Abstract

Death Valley (California, USA) hosts iconic Cryogenian snowball Earth deposits, but the lack of direct geochronological constraints has permitted a variety of correlations and age models. Here, we report two precise zircon U-Pb isotope dilution–thermal ionization mass spectrometry dates for the Kingston Peak Formation: a volcanic eruptive age of 705.44 ± 0.28 Ma from the synglacial Limekiln Spring Member, and a maximum depositional age of 651.69 ± 0.64 Ma from the nonglacial Thorndike submember, which is below the Wildrose diamictite. These dates confirm that the Limekiln Spring and Surprise Members were deposited during the Sturtian glaciation, while the Wildrose submember is a Marinoan glacial deposit, and the overlying Sentinel Peak Member of the Noonday Formation is a Marinoan cap carbonate.

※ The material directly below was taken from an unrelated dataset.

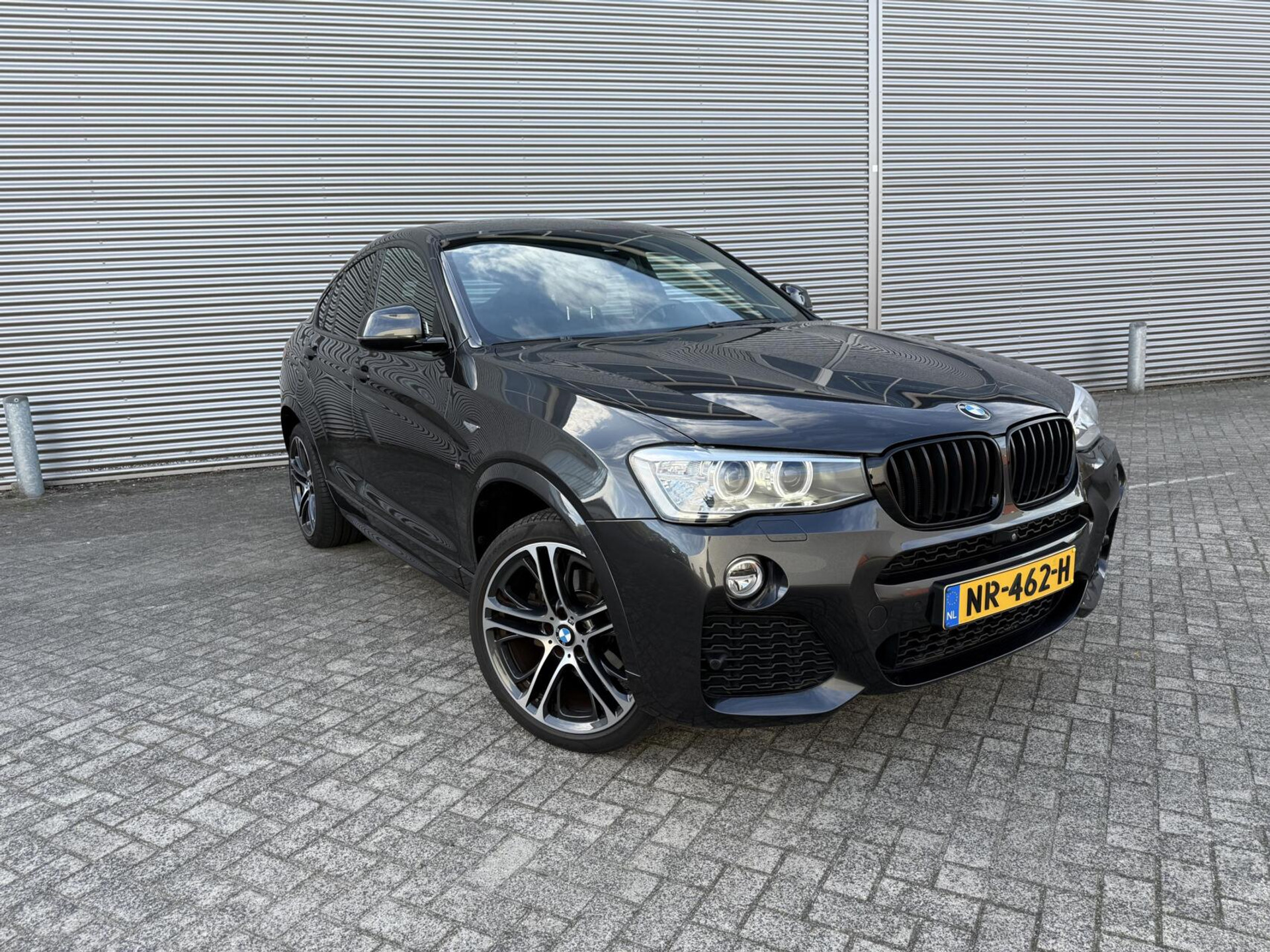 48513819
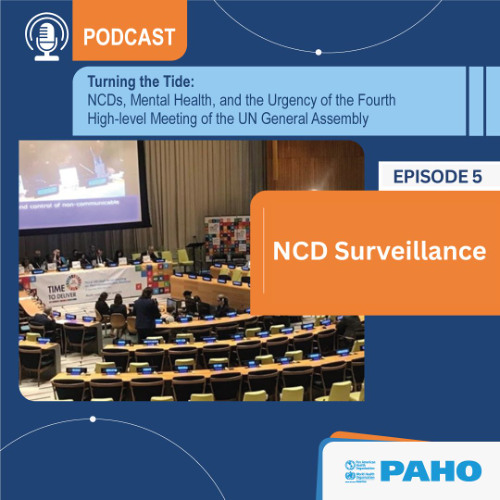 NCD Surveillance - UNGA Fourth High-Level Meeting on NCDs and Mental Health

Additionally, the age from the Thorndike submember supersedes existing radioisotopic ages from the Datangpo Formation in South China as the youngest constraint on the onset of the Marinoan glaciation, demonstrating that the Cryogenian nonglacial interlude lasted for at least 9 m.y. and the Marinoan glaciation was <17 m.y. long. Cryogenian glaciation in western Laurentia occurred against the backdrop of ∼85 m.y. of episodic rift-related subsidence and magmatism within laterally discontinuous, fault-bound basins.